Jakob Anderson, Christopher Flamm, Daniel Merkle, Peter Stadler

Paper #: 16-04-006

We model chemical reaction networks as directed hypergraphs that are generated in rule-based manner, using graph grammars as models of given sets of reaction mechanisms. Graphs serves as abstractions of molecules. This provides a level of chemical realism sufficient to ensure conservation of mass, atom type, and charge. Atom maps, for instance, are thus consistently defined within the model. The generative approach pursued here goes beyond the necessarily static network models that need to be specified a priori and allows, in particular, application to network design problems.
Chemical pathways are represented by integer hyperflows.
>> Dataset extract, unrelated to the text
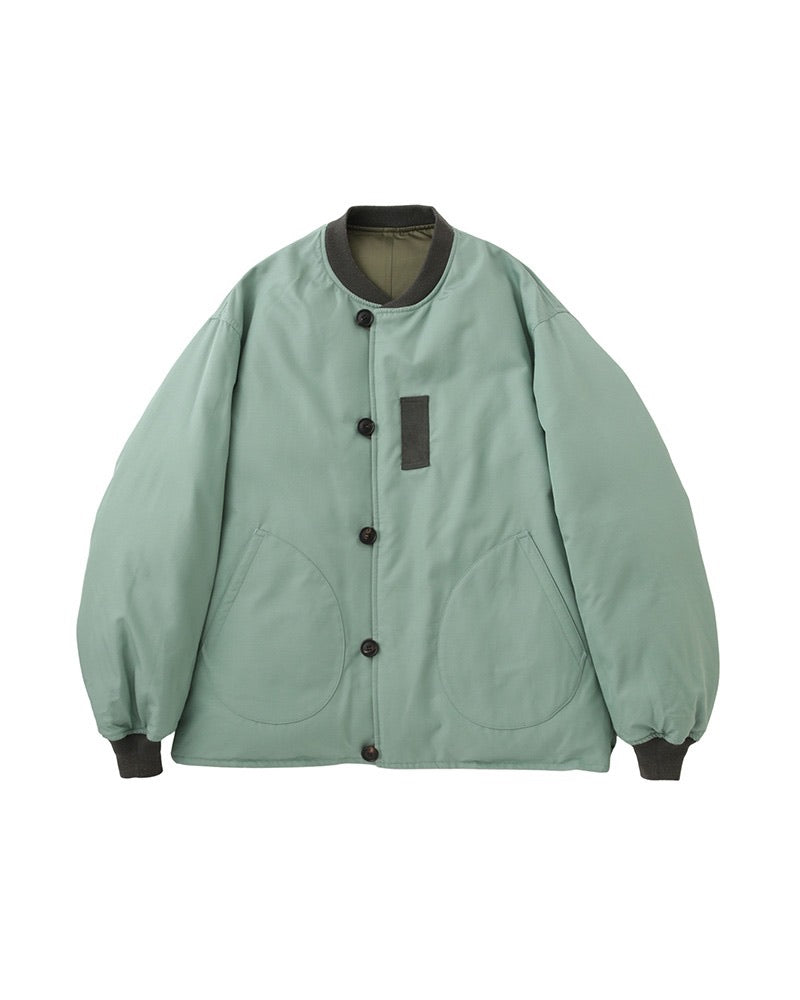 Green Wool Silk Heavy Twill Reversible Corps Down Jacket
In contrast to more traditional approaches of flux balance analysis or elementary mode analysis we insist on integer-valued flows. Although this choice makes it necessary to solve possibly hard integer linear programs it conveys the advantage that more detailed mechanistic questions can be formulated and computed directly. Similarities and differences between our work and traditional approaches in metabolic network analysis are discussed in detail.
Three topics are used to demonstrate the applicability of the mathematical framework to real-life problems. We first explore the design space of possible non-oxidative glycolysis pathways and show that recent manual pathways can be further optimized. We then use a very general model of sugar chemistry to investigate the flows in the autocatalytic formose reaction and its relatives. Finally, we turn to the problem of recognizing complex autocatalytic cycles in large reaction networks, where we demonstrate how the TCS cycle and glyoxylate cycle as well as its combinations can be identified as autocatalytic.